Orca That Carried Her Dead Calf for 17 Days Gives Birth to Healthy Baby
Researchers spotted whale J35 with "a healthy and precocious baby." | Katie Jones / Center for Whale Research

A killer whale named Tahlequah captured the world’s attention in August 2018 after she carried her dead newborn calf for 17 days. But now, there is a silver lining to her story. The grieving mother orca has given birth to a healthy baby calf.

Researchers from the Washington-based nonprofit Center for Whale Research estimate the calf, named J-57, was born on September 4. Earlier this month, they spotted it swimming alongside its mother in the waters between Washington state and British Columbia.

Scientists first discovered that Tahlequah, also known as J-35, was pregnant back in July while recording drone images of Southern Resident killer whales. The family of orcas is the smallest of four communities within the Northeastern portion of the North America Pacific Ocean. Tahlequah’s community includes about 73 whales.

Tahlequah: A Grieving Mother

This isn’t Tahlequah’s first successful birth. She gave birth to a baby boy in 2010. But the baby she lost in 2018 wasn’t as lucky. After carrying the calf for more than 17 months, Tahlequah gave birth and was able to bond with the baby for about 30 minutes before it died.

Killer whales have been known to carry their dead calves or stillborns. However, experts say the length of time Tahlequah carried her dead baby was quite unusual.

“We’ve seen mother whales carry dead babies briefly, for parts of a day. We saw one a few years back for a couple days. But this sets a record,” Ken Balcomb, senior scientist at the Centre for Whale Research, told BBC.

Some argue that viewing Tahlequah’s display as grief is anthropomorphism—the attribution of human characteristics onto non-human animals. But studies show orcas do possess high levels of intelligence and empathy similar to humans.

“We know that it swam by her side. So there would have been a bonding, a birthing experience,” Jenny Atkinson, executive director of The Whale Museum, said during an interview. “So there is a part of me that believes that the grief could be much deeper, because they had bonded,” Atkinson added.

Officials list the orcas as endangered in the U.S. and Canada. | NOAA via Unsplash

Southern Resident Killer Whales

What made Tahlequah’s story even more harrowing is the fact that officials list the Southern Resident killer whales as endangered in both the U.S. and in Canada. 

Experts say the whales suffer environmental stresses and malnourishment due to lack of ample nutrition. Their primary food source is the endangered Chinook salmon.

A 2017 study published in the journal PLOS ONE found that more than two-thirds of Southern Resident killer whale pregnancies were lost between 2008 and 2014. “Low availability of Chinook salmon appears to be an important stressor among these fish-eating whales as well as a significant cause of late pregnancy failure,” the study’s authors wrote.

The Center for Whale Research supports these findings, estimating that an average of 40 percent of the orcas’ calves die after birth.

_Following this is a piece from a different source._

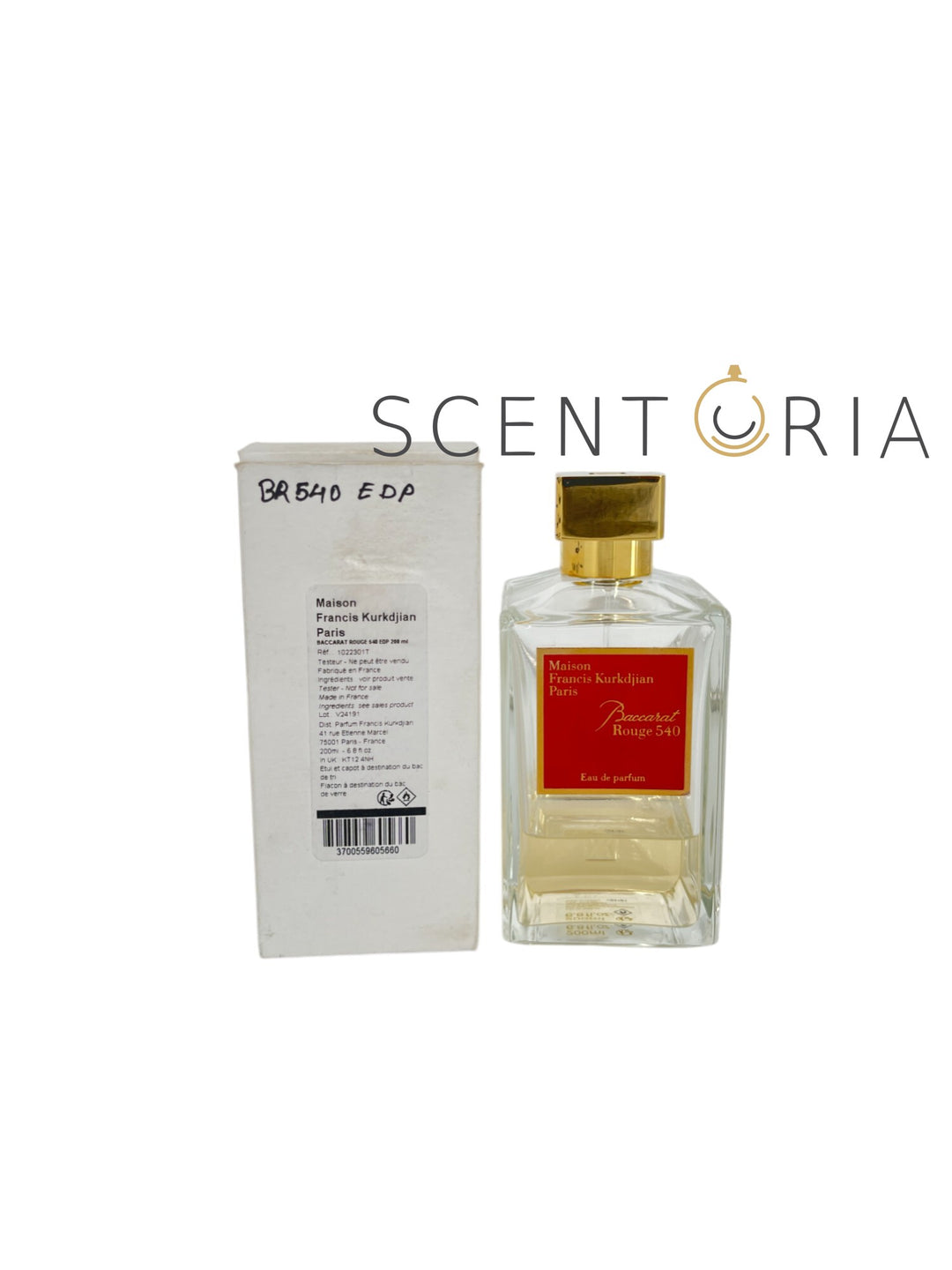 Baccarat Rouge 540 EDP Partial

Wildlife conservation scientist and photographer Alena Ebeling-Schuld told the Guardian that Tahlequah’s story means a great deal to her. “Her tour of grief was beyond impactful, telling the story to a wide audience not only of the plight of Southern Residents, but also of the complexity of animals’ emotions—something humans are so quick to disregard,” she said.

“This new birth brings new hope—for Tahlequah and for all of us,” she continued. “I am wishing Tahlequah and her new little one the very best with all of my being.”